= Zero-weight cycle problem =

A graph with a zero-weight cycle.

In computer science and graph theory, the zero-weight cycle problem is the problem of deciding whether a directed graph with weights on the edges (which may be positive or negative or zero) has a cycle in which the sum of weights is 0.

A related problem is to decide whether the graph has a negative cycle, a cycle in which the sum of weights is less than 0. This related problem can be solved in polynomial time using the Bellman–Ford algorithm. If there is no negative cycle, then the distances found by the Bellman–Ford algorithm can be used, as in Johnson's algorithm, to reweight the edges of the graph in such a way that all edge weights become non-negative and all cycle lengths remain unchanged. With this reweighting, a zero-weight cycle becomes trivial to detect: it exists if and only if the zero-weight edges do not form a directed acyclic graph. Therefore, the special case of the zero-weight cycle problem, on graphs with no negative cycle, has a polynomial-time algorithm.

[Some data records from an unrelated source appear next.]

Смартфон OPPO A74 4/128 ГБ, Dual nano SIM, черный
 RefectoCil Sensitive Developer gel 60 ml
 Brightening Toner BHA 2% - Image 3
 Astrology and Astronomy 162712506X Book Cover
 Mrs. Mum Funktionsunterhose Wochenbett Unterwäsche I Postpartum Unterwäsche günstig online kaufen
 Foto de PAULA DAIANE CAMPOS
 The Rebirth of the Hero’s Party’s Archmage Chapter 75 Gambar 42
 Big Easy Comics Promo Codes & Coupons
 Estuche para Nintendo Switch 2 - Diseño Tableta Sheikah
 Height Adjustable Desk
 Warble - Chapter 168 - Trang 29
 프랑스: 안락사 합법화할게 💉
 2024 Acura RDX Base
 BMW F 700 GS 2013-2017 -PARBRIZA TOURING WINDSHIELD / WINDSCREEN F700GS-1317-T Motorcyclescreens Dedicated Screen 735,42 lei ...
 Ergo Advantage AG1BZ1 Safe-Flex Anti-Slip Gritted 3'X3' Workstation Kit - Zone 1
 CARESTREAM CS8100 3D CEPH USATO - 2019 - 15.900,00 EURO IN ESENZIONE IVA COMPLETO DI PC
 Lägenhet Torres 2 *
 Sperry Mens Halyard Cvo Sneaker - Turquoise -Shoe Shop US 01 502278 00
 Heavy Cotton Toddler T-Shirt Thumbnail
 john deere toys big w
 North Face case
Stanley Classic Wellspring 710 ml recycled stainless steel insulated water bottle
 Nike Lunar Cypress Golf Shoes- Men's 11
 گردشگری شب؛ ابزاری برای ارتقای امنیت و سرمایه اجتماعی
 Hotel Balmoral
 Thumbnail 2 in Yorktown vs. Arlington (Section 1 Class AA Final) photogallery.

In contrast, for graphs that contain negative cycles, detecting a simple cycle of weight exactly 0 is an NP-complete problem. This is true even when the weights are integers of polynomial magnitude. In particular, there is a reduction from the Hamiltonian path problem, on an $n$-vertex unweighted graph $G$ with specified starting and ending vertices $s$ and $t$, to the zero-weight cycle problem on a weighted graph obtained by giving all edges of $G$ weight equal to one, and adding an additional edge from $t$ to $s$ with weight $1-n$.